* WHAT YOU SHOULD DO: From first line to last, write out the data precisely as shown.

* GIVEN ENTRIES:
↓↓↓
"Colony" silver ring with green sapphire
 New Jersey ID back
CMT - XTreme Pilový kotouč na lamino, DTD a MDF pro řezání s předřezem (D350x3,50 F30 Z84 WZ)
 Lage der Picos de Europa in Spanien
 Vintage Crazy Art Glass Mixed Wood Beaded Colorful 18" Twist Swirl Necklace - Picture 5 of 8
↑↑↑
* WRITTEN REPLY:
"Colony" silver ring with green sapphire
 New Jersey ID back
CMT - XTreme Pilový kotouč na lamino, DTD a MDF pro řezání s předřezem (D350x3,50 F30 Z84 WZ)
 Lage der Picos de Europa in Spanien
 Vintage Crazy Art Glass Mixed Wood Beaded Colorful 18" Twist Swirl Necklace - Picture 5 of 8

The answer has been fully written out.